On Dec 23, 2011, at 1:19 PM, Scott Lewis wrote:

> On Dec 23, 2011, at 3:07 PM, Chris Murphy <[email protected]> wrote:
>> 
>> OK I got that wrong. However, what's the relevance and importance of it 
>> being UNIX? Consistency and portability of user space processes? That would 
>> seem to be important in enterprise, but that's not the only thing important 
>> to enterprise. I listed a number of items that are considered extremely 
>> important to critical for enterprise, and none of that is even possible on 
>> Mac OS X. So it seems the UNIX certification usefulness is substantially 
>> dilluted.
> 
> I hate to break it to you.... Apple isn't an enterprise company, doesn't 
> really want servers, and isn't looking to break into the corporate 
> datacenter. They are quite happy without meeting your enterprise needs. 

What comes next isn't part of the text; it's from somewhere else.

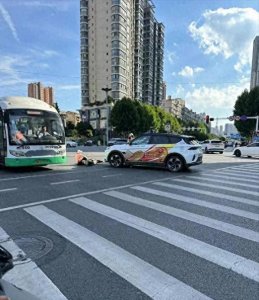 ​武汉萝卜快跑出租车撞人了，司机请愿求活路，乘客却说支持无人！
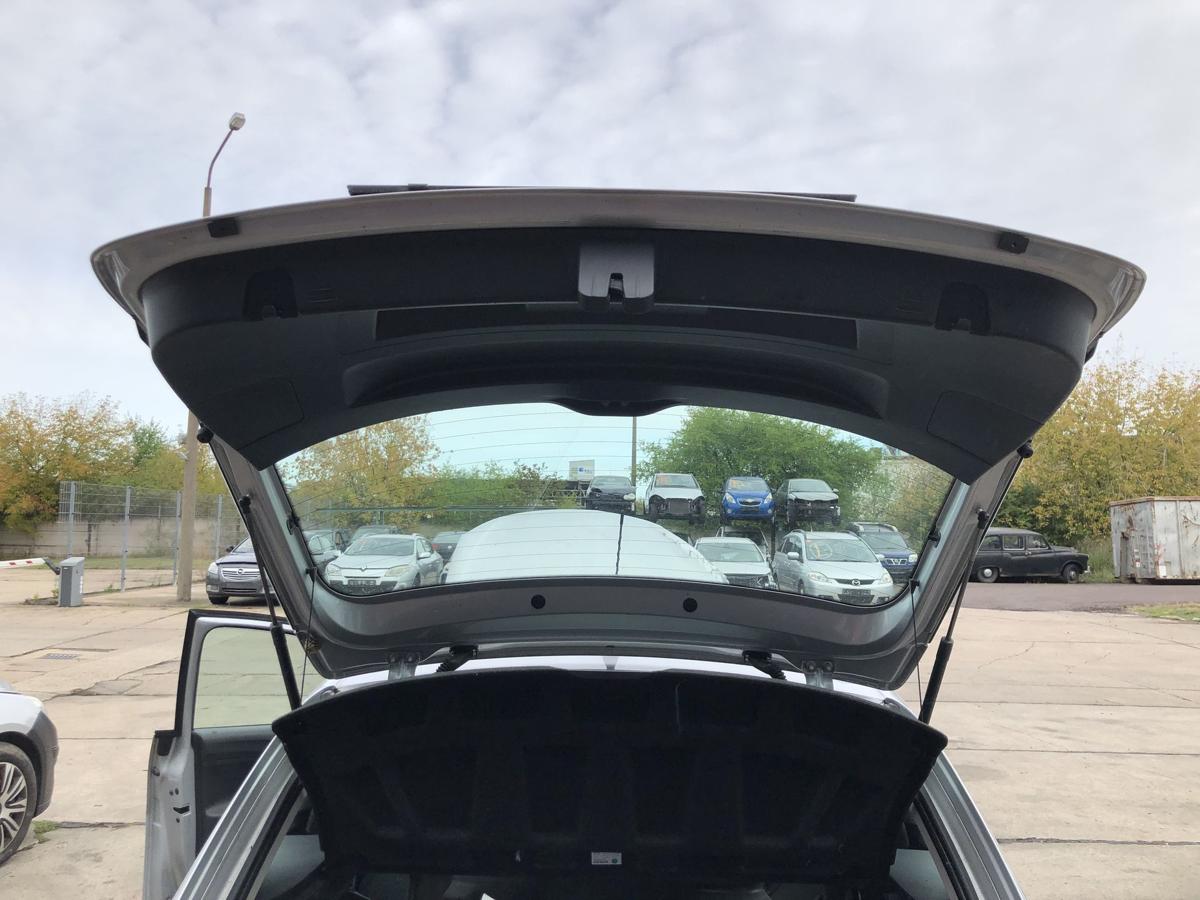 Seat Ibiza 6J 6P ST Kombi Heckklappe Kofferklappe mit Scheibe LX7W Eissilber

Absolutely, no doubt, and crystal clear. But there is fall out, as a result of 
this, for Apple's past, present, and future customers. The biggest single 
fallout is trust. I increasingly do not trust Apple on the desktop. Not just 
enterprise, but in general. Here is why.

Example 1: XSan is actually a very cool. But because Apple is out of 
enterprise, do I trust that Xsan will be in 10.8? No. I don't. Because Apple 
has a track record of doing exactly what this thread primarily is complaining 
about which is technology abandonment, leaving users with major hardware, 
workflow and time investments that get dumped with no clear migration. 
Implementing XSan now is risky because of this. Enterprise almost certainly 
would not risk it, so why should a company with a 2-6 hd video studio invest? 
The very question being asked here isn't the merit of XSan, vs another 
solution, which is what it should be. The question is trusting Apple.

Example 2: After giving the cold shoulder to design and print markets, Apple 
went after photographers. Photographers unwittingly have enterprise level 
storage requirements. But they do not have enterprise storage budgets, nor are 
they enterprise class in most any other way. Average prosumer photographers 
will have storage in up to the 4TB realm, much of which is on multiple HDDs.  
More serious professionals are typically in the 20-30TB range, for one shooting 
photographer. Such storage requirements, if they were emails, documents, 
spreadsheets, presentations, would represent a company on the small side of 100 
employees, up to maybe 1000 employees.

Yet neither a linux hobbyist nor an enterprise business using EL has to contend 
with a substantive lack of logical volume management that photographers have to 
put up with on Mac OS X. Or a substantive lack of file system resilience. Truly 
incredibly inappropriate primary data storage is common place for Mac OS users 
who have storage needs beyond a single disk because of this.